Akhisar Anadolu Gençlik Derneği Filistin’de bulunan Mescid-i Aksa’ya yapılan saldırılar ile ilgili bir basın açıklaması yaparak, İsrail’i kınadı.

Grup adına açıklama yapan Anadolu Gençlik Derneği Akhisar Şube Başkanlığı Dergi Temsilciliği Sözcüsü Metin Toktaş şunları kaydetti: “İslam coğrafyasındaki terör olaylarının her birinde parmağı olan işgalci İsrail, Müslümanları kışkırtmaya yönelik aşağılık davranışlarına devam ediyor. Maalesef uluslararası camiada devlet vasfı taşıyan ve gerçekte bir terör örgütü gibi davranan İsrail’in silahlı unsurları ayaklarındaki kirli postallarla Mescid-i Aksa’ya girdiler. Aynı kirli postallarla Kıble Camii’nin içinde terör estiren bu silahlı unsurlar camide bulunan Kur’an-ı Kerimleri yerlere attılar, üzerlerinde gezindiler. Cami içindeki Müslümanları tartakladılar. Terör örgütü İsrail’in yaklaşık bir haftadır Mescid-i Aksa ile ilgili kışkırtmaya yönelik yaklaşımlarının Filistin’de kan dökmeye yönelik bir çaba olduğu aşikârdır. İsrail küstahca tüm kutsal değerlerimize saldırarak Filistinli Müslümanları çileden çıkarmaktadır. Terör örgütü İsrail’in ve aynı örgütün silahlı unsurlarının bu çirkeflileri kabul edilebilir değildir.

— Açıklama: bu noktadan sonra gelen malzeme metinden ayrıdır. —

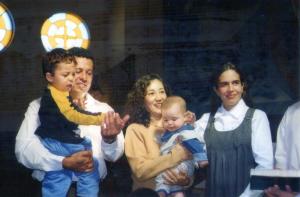 Foto tirada no dia batizado do irmão mais novo do Vitor. Vitor está no colo do seu pai e seu irmão está no colo de sua mãe.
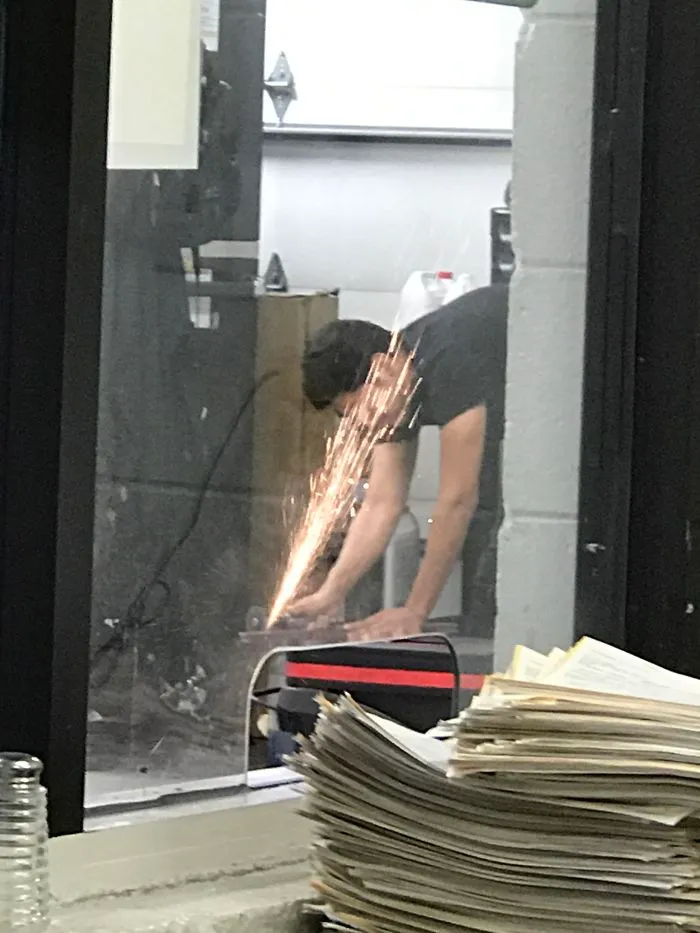 A person using a grinder, sparks flying in a workshop. Stack of papers in the foreground.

İsrail sadece Müslümanlar için değil, insanlıktan nasibini almış herkes için bir beladır. Bu belanın ortaya çıkmasının arkasındaki sapkın düşünce olan Siyonizm, tüm insanlık için gece gündüz problem üretmektedir. Siyonist İsrail’in bu küstahca davranışlarının kaynağı Batı’dan aldığı cesarettir. Birleşmiş Milletler, NATO, ABD ve Avrupa Birliği, İsrail’in her sapkınlığına el altından ya da açıktan destek olmaktadır. İslam coğrafyasının parçalanmışlığı, başta Türkiye olmak üzere İslam Ülkelerindeki hükümetlerin Batı ile olan ilişkileri İsrail’i cesaretlendirmektedir. Şunu tüm dünya bilmeli ki Müslümanların Yahudi düşmanlığı yoktur. Ancak işgalci İsrail’in varlığı ve sapkın Siyonizm düşüncesi bir Müslüman tarafından kabul edilemez."

"BU İŞGAL KABUL EDİLEMEZ"

Filistin topraklarının işgalinin kabul edilemeyeceğini ifade eden Toktaş, yapılan saldırının aşağılık bir davranış olduğunun altını çizdi.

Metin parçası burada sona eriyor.